**Assignment:**
Please copy out the entries until you have copied the line that contains "Slant Neck Long Sleeve Stretch Top", beginning with the first line.

**Entries supplied:**
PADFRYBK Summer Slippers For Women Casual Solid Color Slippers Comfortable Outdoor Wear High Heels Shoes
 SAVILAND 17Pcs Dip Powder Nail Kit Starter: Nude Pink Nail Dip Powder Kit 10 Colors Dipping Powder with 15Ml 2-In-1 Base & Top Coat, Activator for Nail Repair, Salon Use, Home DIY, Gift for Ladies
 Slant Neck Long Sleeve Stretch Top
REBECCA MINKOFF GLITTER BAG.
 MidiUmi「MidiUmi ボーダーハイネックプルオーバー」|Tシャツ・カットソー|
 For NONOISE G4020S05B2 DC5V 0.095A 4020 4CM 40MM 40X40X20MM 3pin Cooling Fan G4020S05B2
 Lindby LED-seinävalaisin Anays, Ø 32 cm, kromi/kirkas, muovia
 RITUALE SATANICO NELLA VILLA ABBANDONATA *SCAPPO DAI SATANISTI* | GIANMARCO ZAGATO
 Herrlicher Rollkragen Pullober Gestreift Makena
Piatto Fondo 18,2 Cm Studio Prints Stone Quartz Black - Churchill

**Task response:**
PADFRYBK Summer Slippers For Women Casual Solid Color Slippers Comfortable Outdoor Wear High Heels Shoes
 SAVILAND 17Pcs Dip Powder Nail Kit Starter: Nude Pink Nail Dip Powder Kit 10 Colors Dipping Powder with 15Ml 2-In-1 Base & Top Coat, Activator for Nail Repair, Salon Use, Home DIY, Gift for Ladies
 Slant Neck Long Sleeve Stretch Top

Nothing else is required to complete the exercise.